Stored records
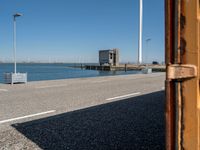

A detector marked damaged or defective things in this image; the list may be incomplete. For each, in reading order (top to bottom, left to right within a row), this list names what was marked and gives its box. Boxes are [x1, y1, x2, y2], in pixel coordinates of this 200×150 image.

rusty metal door [166, 0, 200, 149]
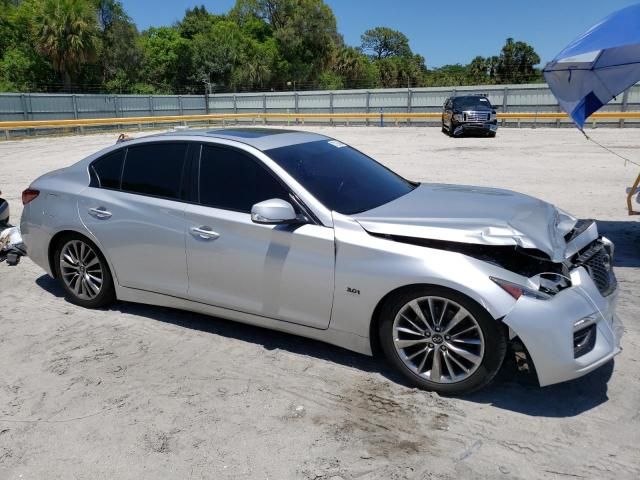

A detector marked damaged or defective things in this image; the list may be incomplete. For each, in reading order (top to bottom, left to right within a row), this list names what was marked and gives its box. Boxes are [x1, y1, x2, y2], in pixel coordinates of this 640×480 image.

crumpled hood [352, 183, 576, 262]
detached bumper cover [502, 268, 624, 388]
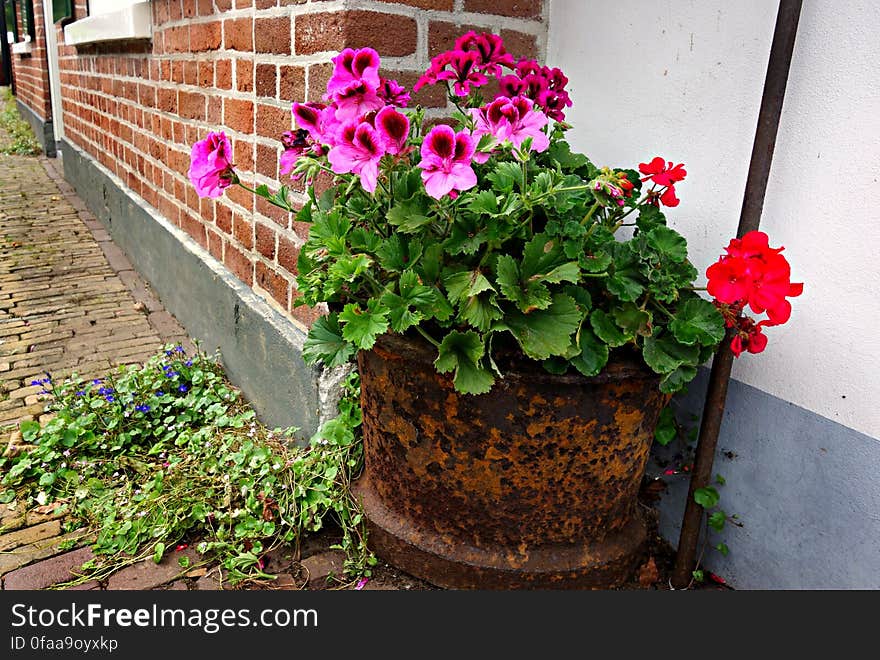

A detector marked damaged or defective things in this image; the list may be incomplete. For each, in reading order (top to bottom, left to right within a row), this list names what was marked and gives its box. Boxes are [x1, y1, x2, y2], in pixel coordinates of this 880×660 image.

rusty metal pot [350, 332, 668, 592]
rusty drainpipe [672, 0, 800, 588]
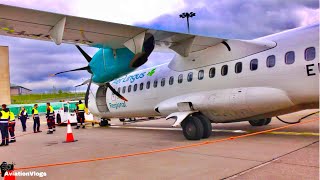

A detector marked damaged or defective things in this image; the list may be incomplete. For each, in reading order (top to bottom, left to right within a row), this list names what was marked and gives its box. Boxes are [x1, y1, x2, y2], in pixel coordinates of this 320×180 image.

tarmac crack [221, 141, 318, 180]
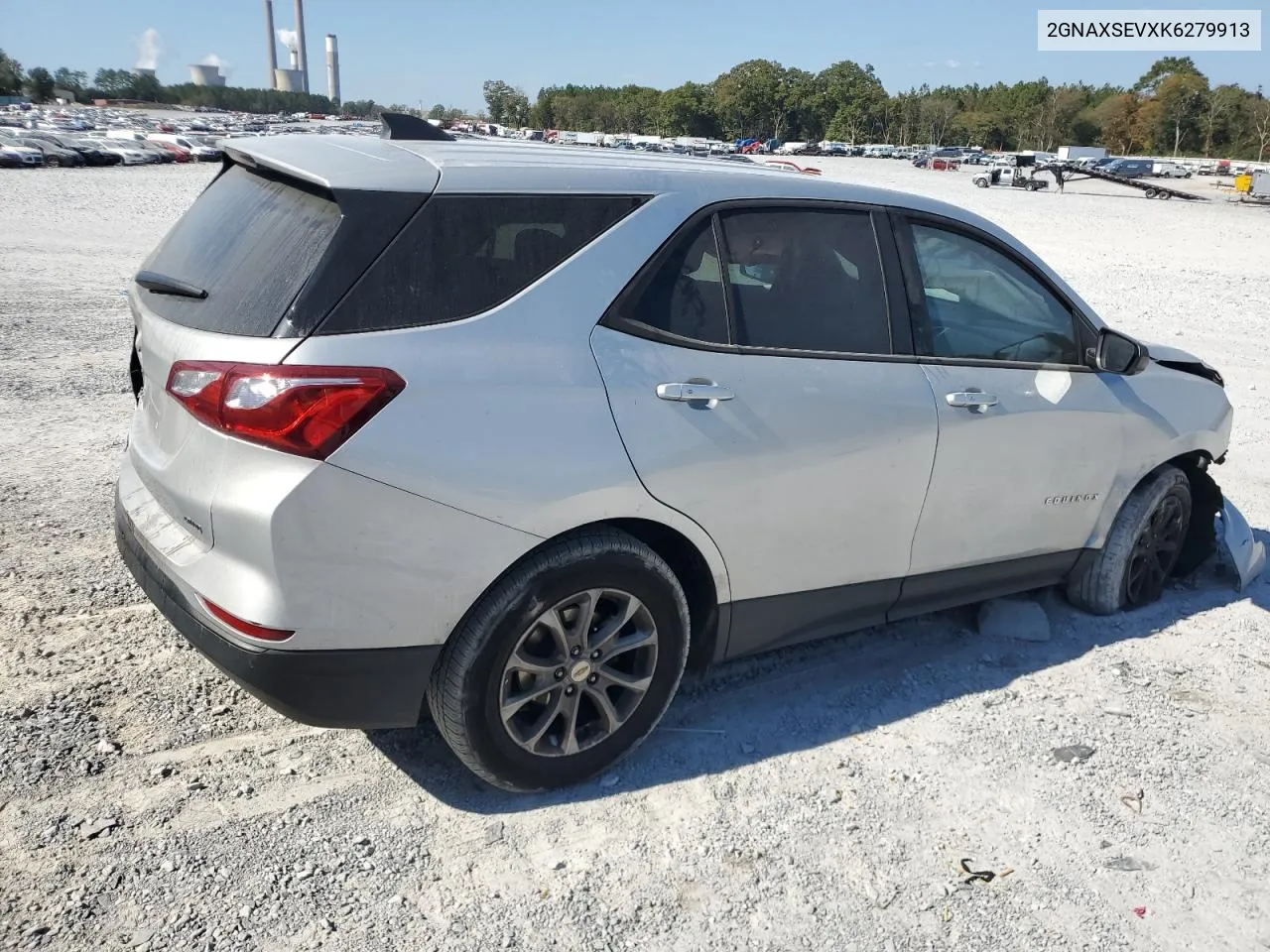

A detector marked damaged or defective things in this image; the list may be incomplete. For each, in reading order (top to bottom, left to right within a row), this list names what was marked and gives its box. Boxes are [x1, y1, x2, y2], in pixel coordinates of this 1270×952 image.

damaged front bumper [1214, 502, 1262, 591]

Problem to solve
Your response should consist solely of the lines from the one containing "this 1270×952 image." to the end of the entries, both ends included, exactly as they appear.

Worked solution
A detector marked damaged or defective things in this image; the list may be incomplete. For each, in reading order (top to bottom, left to right within a row), this list names what was marked and gives its box. Boxes are [x1, y1, x2, y2], in pixel coordinates of this 1270×952 image.

damaged front bumper [1214, 502, 1262, 591]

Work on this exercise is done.